▶ _TASK TO COMPLETE_
From the first line to the last, output the data exactly as it stands, minus its pictures.

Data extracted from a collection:

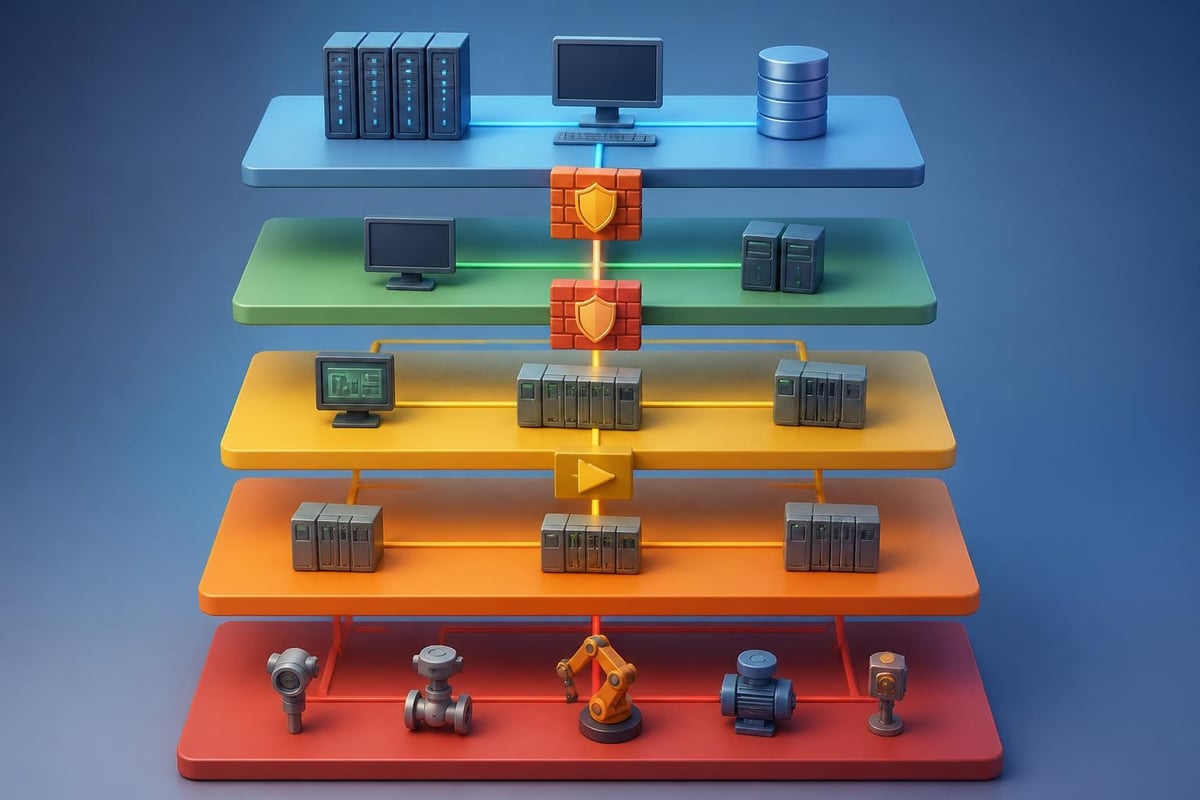 OT network segmentation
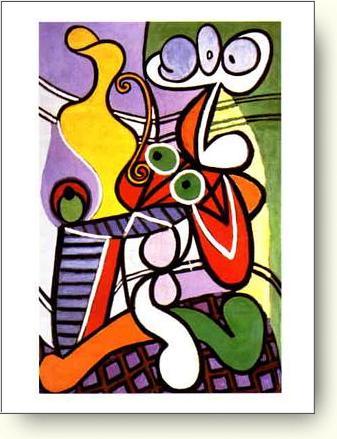 Wikioo.org - The Encyclopedia of Fine Arts - Painting, Artwork by Pablo Picasso - nature morte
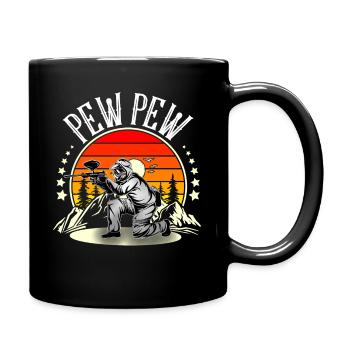 Paintball - Full Colour Mug - black - Right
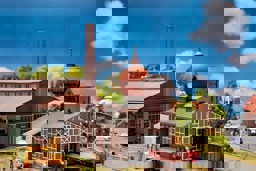 Zeige Details für Faller 222225 N Heizwerk Bild von Faller 222225 N Heizwerk
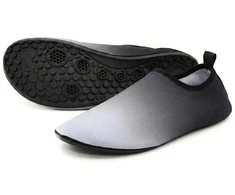 KOOPMAN Neopreniniai vandens batai vyrams juodi/pilki R.44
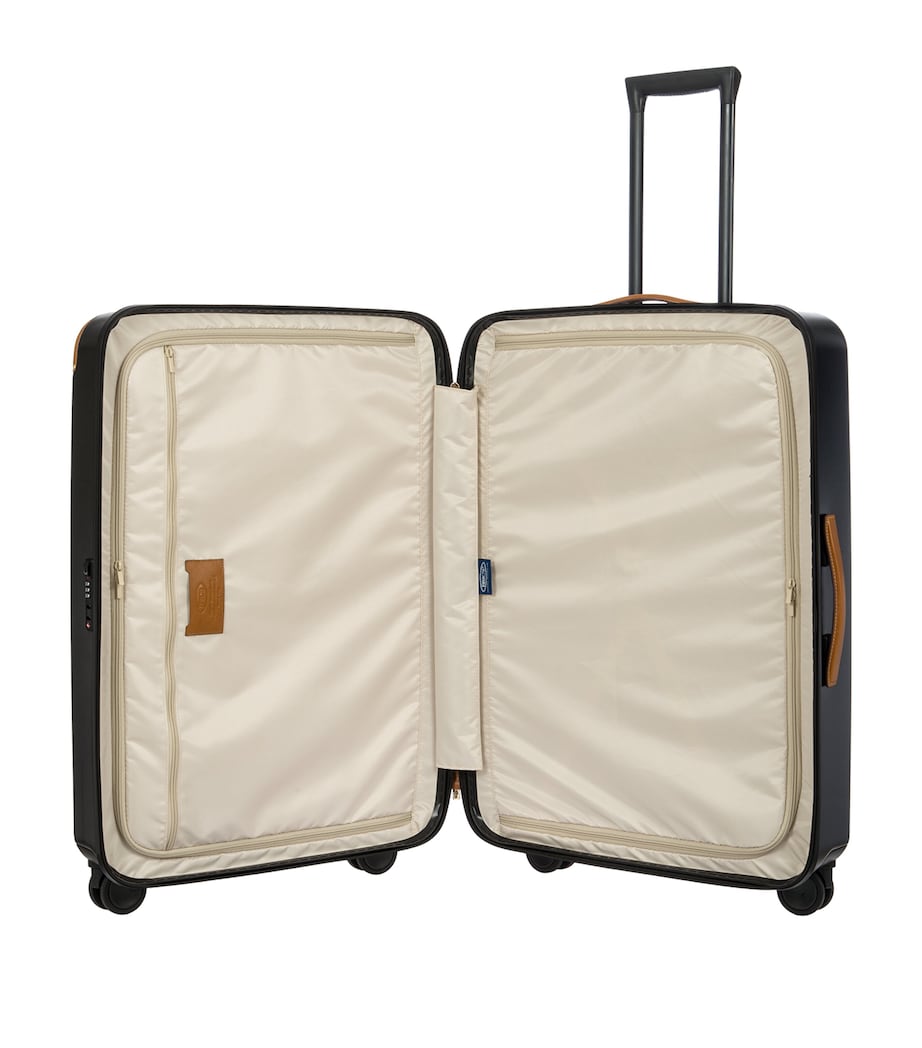 Amalfi Spinner Check-In Suitcase (76cm) BLACK Image 6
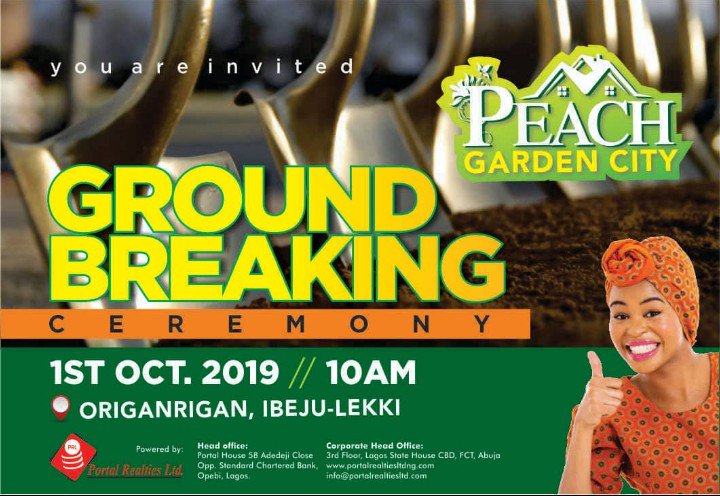 PortalRealties's tweet photo. PEACH GARDEN CITY,
IBEJU-LEKKI, NEW LAGOS.
LOCATION: 5Mins Drive from the Lekki Free Trade Zone Ibeju-Lekki Lagos.
#peachgardencity
#portalrealtiesltd #ibejulekki #lagos #lagosland #masterp4lov #fasho_tayo #woliagba #royalgardencity #royalparkestate #broadviewestatelugbe https://t.co/jbzIk8lFag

▶ _OUTPUT FOR THIS EXERCISE_
 OT network segmentation
 Wikioo.org - The Encyclopedia of Fine Arts - Painting, Artwork by Pablo Picasso - nature morte
 Paintball - Full Colour Mug - black - Right
 Zeige Details für Faller 222225 N Heizwerk Bild von Faller 222225 N Heizwerk
 KOOPMAN Neopreniniai vandens batai vyrams juodi/pilki R.44
 Amalfi Spinner Check-In Suitcase (76cm) BLACK Image 6
 PortalRealties's tweet photo. PEACH GARDEN CITY,
IBEJU-LEKKI, NEW LAGOS.
LOCATION: 5Mins Drive from the Lekki Free Trade Zone Ibeju-Lekki Lagos.
#peachgardencity
#portalrealtiesltd #ibejulekki #lagos #lagosland #masterp4lov #fasho_tayo #woliagba #royalgardencity #royalparkestate #broadviewestatelugbe https://t.co/jbzIk8lFag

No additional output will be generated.